[−][src]Module vtext::tokenize

Tokenization module

This module includes several tokenizers

For instance let's tokenize the following sentence,

use vtext::tokenize::*;

let s = "The “brown” fox can't jump 32.3 feet, right?";

Using a regular expression tokenizer we would get,

let tokenizer = RegexpTokenizer::default();
let tokens: Vec<&str> = tokenizer.tokenize(s).collect();
assert_eq!(tokens, &["The", "brown", "fox", "can", "jump", "32", "feet", "right"]);

which would remove all punctuation. A more general approach is to apply unicode segmentation,

let tokenizer = UnicodeWordTokenizer::default();
let tokens: Vec<&str> = tokenizer.tokenize(s).collect();
assert_eq!(tokens, &["The", "“", "brown", "”", "fox", "can't", "jump", "32.3", "feet", ",", "right", "?"]);

Here UnicodeWordTokenizer object is a thin wrapper around the unicode-segmentation crate.

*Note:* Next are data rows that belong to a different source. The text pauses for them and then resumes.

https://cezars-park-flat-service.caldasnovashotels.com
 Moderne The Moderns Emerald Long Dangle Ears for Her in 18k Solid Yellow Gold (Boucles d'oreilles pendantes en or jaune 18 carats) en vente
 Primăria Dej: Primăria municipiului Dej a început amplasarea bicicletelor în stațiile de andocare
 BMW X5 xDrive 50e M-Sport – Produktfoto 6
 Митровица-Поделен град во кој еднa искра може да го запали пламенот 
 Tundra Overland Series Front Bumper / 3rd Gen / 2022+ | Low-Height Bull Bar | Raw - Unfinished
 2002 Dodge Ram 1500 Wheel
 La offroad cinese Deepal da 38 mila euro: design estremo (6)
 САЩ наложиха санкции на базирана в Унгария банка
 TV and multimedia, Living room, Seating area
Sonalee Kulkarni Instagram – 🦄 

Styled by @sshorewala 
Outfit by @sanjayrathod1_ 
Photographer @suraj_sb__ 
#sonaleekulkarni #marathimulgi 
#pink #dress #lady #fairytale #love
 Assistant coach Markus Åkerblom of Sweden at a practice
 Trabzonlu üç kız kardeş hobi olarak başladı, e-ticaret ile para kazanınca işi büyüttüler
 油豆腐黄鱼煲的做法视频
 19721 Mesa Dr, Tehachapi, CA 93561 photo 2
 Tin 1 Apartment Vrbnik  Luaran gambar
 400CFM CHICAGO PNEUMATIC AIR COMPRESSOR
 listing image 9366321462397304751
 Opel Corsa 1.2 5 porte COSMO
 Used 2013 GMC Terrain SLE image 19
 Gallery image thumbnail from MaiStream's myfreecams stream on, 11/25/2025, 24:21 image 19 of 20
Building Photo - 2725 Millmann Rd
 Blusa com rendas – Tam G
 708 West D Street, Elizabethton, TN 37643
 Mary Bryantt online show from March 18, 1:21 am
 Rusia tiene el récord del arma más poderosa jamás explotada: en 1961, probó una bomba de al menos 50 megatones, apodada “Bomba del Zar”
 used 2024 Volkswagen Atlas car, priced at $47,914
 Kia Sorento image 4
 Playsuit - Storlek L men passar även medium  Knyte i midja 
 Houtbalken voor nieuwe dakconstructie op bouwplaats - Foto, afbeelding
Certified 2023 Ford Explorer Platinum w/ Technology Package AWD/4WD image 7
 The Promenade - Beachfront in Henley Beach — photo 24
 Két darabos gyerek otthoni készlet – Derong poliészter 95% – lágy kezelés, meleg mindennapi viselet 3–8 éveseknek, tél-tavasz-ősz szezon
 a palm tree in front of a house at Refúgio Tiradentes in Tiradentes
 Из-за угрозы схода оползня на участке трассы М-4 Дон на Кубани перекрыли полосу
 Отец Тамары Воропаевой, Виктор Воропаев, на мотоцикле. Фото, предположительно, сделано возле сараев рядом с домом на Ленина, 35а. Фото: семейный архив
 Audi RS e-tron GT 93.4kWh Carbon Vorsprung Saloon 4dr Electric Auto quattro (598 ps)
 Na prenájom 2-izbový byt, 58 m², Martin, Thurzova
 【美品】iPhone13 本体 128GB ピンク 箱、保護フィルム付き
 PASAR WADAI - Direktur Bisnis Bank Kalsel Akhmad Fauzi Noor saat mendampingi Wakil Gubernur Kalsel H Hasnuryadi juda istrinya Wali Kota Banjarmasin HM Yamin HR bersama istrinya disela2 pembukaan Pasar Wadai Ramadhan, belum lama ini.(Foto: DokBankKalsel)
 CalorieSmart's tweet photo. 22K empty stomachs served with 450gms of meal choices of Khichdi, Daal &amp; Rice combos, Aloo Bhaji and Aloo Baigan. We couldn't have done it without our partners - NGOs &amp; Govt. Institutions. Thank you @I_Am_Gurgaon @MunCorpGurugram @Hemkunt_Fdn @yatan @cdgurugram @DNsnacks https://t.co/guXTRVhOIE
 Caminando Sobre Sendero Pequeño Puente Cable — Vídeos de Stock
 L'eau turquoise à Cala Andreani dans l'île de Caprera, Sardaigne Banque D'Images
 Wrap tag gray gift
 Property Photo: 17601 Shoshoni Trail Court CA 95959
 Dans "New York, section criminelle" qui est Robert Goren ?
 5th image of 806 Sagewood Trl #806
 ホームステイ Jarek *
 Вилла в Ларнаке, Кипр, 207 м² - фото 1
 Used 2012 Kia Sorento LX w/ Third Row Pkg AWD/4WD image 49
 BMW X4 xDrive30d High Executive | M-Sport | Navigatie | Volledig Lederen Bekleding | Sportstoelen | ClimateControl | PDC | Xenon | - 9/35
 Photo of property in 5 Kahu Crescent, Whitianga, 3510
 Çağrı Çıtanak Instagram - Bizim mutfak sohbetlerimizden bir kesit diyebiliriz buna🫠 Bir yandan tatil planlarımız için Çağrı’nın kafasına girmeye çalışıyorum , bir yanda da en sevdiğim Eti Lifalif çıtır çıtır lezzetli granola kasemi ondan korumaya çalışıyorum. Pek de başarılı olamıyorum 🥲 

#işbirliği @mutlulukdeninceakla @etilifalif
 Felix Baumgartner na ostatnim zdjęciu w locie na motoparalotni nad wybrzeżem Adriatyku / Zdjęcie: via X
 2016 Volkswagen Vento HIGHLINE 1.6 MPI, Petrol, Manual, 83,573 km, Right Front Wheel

This approach produces better results, however for instance the word "can't" should be tokenized as "ca", "n't" in English. To address such issues, we apply several additional rules on the previous results,

let tokenizer = VTextTokenizerParams::default().lang("en").build().unwrap();
let tokens: Vec<&str> = tokenizer.tokenize(s).collect();
assert_eq!(tokens, &["The", "“", "brown", "”", "fox", "ca", "n't", "jump", "32.3", "feet", ",", "right", "?"]);

Structs

CharacterTokenizer	Character tokenizer
CharacterTokenizerParams
RegexpTokenizer	Regular expression tokenizer
RegexpTokenizerParams	Builder for the regexp tokenizer
UnicodeWordTokenizer	Unicode Segmentation tokenizer
UnicodeWordTokenizerParams	Builder for the unicode segmentation tokenizer
VTextTokenizer	vtext tokenizer
VTextTokenizerParams	Builder for the VTextTokenizer

Traits

Tokenizer